§ **DATA SHOWN**
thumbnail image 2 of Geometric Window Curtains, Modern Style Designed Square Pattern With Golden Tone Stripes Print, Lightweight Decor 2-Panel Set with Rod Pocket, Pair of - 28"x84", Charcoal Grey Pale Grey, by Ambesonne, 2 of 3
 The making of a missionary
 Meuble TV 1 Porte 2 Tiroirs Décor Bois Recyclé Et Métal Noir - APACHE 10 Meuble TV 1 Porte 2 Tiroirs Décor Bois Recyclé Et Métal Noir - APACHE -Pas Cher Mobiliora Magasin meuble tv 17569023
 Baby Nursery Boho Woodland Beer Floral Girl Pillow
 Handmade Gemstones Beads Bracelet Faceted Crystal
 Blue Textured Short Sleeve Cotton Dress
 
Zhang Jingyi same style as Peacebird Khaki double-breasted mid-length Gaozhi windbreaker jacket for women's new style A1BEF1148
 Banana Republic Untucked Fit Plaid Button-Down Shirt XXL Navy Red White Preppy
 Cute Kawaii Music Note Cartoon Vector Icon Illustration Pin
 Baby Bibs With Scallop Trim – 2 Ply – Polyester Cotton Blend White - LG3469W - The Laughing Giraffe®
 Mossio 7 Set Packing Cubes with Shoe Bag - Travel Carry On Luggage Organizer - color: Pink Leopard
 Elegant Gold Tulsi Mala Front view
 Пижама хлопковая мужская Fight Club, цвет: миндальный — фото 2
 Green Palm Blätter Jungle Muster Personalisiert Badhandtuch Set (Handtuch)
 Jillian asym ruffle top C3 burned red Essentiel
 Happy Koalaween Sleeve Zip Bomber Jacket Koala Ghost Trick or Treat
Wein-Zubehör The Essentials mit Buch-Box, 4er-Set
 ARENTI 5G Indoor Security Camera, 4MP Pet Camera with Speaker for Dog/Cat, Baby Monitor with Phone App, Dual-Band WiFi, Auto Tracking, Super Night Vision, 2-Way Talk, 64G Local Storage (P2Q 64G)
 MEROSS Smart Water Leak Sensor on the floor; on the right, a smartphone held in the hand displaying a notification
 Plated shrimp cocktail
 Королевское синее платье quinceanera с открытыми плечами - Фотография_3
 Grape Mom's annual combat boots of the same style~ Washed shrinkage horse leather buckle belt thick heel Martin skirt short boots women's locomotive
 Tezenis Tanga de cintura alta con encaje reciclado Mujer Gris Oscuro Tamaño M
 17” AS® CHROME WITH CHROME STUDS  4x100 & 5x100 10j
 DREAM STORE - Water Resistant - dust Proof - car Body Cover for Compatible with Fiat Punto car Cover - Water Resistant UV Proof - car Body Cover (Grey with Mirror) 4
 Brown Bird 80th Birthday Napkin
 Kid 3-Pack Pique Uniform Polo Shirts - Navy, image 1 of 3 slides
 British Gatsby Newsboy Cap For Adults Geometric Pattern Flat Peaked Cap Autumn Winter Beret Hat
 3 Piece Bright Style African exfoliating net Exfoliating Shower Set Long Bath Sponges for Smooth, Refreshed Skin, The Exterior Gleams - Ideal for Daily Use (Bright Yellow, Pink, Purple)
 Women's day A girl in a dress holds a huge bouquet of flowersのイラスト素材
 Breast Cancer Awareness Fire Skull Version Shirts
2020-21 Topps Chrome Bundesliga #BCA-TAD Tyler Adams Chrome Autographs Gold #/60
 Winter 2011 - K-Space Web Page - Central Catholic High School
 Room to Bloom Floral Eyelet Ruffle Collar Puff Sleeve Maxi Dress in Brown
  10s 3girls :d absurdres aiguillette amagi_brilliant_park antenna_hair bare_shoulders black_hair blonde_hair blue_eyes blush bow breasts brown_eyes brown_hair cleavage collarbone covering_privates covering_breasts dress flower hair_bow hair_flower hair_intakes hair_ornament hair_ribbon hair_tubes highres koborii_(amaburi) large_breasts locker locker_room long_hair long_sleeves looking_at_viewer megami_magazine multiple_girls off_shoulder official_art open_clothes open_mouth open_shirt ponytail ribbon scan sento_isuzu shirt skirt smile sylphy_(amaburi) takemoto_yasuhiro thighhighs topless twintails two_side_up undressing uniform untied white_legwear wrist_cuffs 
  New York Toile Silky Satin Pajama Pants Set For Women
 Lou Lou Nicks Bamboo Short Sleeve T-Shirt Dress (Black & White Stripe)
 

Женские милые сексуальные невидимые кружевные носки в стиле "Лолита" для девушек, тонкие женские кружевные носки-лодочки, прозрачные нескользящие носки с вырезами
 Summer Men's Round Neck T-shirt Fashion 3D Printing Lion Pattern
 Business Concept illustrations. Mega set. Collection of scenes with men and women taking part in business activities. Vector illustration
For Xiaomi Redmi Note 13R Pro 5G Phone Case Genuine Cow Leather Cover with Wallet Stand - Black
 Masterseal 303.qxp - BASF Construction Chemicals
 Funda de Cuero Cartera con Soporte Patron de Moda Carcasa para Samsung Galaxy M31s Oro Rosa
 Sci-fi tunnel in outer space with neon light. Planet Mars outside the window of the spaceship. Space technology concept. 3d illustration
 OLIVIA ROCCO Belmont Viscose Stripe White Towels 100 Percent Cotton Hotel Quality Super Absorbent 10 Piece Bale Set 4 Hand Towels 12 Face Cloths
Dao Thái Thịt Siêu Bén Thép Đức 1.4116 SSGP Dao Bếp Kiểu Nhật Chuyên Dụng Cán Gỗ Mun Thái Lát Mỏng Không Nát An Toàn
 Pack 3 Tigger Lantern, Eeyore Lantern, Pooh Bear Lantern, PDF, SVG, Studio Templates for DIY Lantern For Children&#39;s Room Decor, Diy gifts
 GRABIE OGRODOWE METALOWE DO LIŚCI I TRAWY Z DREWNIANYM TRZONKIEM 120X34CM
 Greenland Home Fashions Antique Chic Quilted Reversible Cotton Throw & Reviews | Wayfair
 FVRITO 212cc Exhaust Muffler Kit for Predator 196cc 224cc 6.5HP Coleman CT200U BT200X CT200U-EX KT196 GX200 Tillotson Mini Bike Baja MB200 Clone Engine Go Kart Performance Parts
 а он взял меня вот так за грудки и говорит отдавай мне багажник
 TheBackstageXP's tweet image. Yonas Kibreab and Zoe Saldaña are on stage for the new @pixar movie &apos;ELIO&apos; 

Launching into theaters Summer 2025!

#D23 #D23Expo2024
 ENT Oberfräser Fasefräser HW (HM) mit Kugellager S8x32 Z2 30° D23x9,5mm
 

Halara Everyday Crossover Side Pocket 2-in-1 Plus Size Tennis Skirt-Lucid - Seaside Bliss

§ **TASK STATEMENT**
In the lines above, find the word "Floral" and copy every line it occurs in.

§ **TASK SOLUTION**
 Baby Nursery Boho Woodland Beer Floral Girl Pillow
 Room to Bloom Floral Eyelet Ruffle Collar Puff Sleeve Maxi Dress in Brown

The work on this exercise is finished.